Mme M devient plus confuse à la maison depuis quelques jours, et sa fille l’emmène chez son médecin pour une évaluation. Reconnaissant que les benzodiazépines peuvent contribuer à état confusionnel aigü (délirium), le médecin arrête le lorazépam. Trois jours plus tard, la confusion de Mme M s’aggrave et elle développe des nausées et des tremblements.

Elle est emmenée aux urgences où elle est admise pour un sevrage aux benzodiazépines, afin de savoir si le delirium a pour origine la maladie d’Alzheimer ou la médication.

Bien que le délirium ait pour origine plusieurs facteurs, les médicaments sont des facteurs fréquents de prédisposition et aggravants et contribuent à environ 12% à 39% des cas de délire.

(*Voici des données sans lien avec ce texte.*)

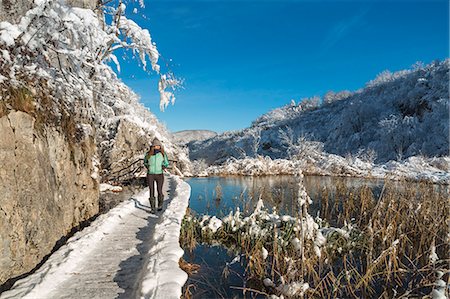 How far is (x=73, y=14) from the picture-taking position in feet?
17.4

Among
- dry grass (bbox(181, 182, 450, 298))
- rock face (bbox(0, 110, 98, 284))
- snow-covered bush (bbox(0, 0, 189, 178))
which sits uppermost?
snow-covered bush (bbox(0, 0, 189, 178))

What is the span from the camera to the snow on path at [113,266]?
377 cm

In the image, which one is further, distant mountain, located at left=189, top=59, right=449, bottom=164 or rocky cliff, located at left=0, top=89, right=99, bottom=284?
distant mountain, located at left=189, top=59, right=449, bottom=164

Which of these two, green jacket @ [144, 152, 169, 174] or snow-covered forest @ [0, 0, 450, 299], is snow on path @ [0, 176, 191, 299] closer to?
snow-covered forest @ [0, 0, 450, 299]

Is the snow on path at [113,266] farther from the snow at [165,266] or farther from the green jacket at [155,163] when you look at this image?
the green jacket at [155,163]

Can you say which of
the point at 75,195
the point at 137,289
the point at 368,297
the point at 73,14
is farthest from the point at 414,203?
the point at 73,14

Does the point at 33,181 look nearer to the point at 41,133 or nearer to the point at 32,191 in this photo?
the point at 32,191

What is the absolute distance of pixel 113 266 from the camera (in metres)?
4.68

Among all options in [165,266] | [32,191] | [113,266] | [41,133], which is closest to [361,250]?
[165,266]

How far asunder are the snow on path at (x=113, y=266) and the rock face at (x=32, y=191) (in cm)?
30

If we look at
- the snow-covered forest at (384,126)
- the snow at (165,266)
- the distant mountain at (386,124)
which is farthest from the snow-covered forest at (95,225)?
the distant mountain at (386,124)

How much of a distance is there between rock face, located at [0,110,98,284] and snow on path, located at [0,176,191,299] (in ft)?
0.97

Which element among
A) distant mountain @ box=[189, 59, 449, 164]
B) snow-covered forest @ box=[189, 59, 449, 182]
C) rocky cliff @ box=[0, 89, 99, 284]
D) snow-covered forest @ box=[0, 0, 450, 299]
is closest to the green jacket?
snow-covered forest @ box=[0, 0, 450, 299]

Les benzodiazépines et les opioïdes sont les médicaments les plus souvent associés à un risque accru de delirium, tout comme les médicaments ayant des propriétés anticholinergiques importantes (c’est-à-dire faisant baisser l’acétylcholine dans le cerveau).

En général, il n’y a pas de règles strictes sur la façon de réduire et d’interrompre les médicaments potentiellement à risque. Les étapes à envisager sont :

  • Envisager de réduire et d’arrêter les benzodiazépines chez un patient qui prend plus que les doses minimales prévues pendant au moins deux semaines, en particulier après huit semaines de traitement.
  • Dans le cas des opioïdes, envisager de les réduire chez un patient prenant plus que la dose minimale prévue pendant plus de quelques jours. Lorsque vous tentez d’éliminer les symptômes de délirium, réduire les opioïdes aussi rapidement et aussi sûrement que possible, avec une réduction recommandée de moins de 20% par jour pour prévenir les symptômes de sevrage.
  • L’apparition et la durée des symptômes de sevrage dépendent de la demi-vie d’un médicament. Le sevrage survient plus tôt lorsque l’on cesse de prendre des médicaments avec des demi-vies d’élimination courtes (habituellement dans les 1 à 2 jours), alors qu’il peut ne pas apparaître avant 3 à 8 jours après l’arrêt des médicaments avec une demi-vie supérieure à 24 heures.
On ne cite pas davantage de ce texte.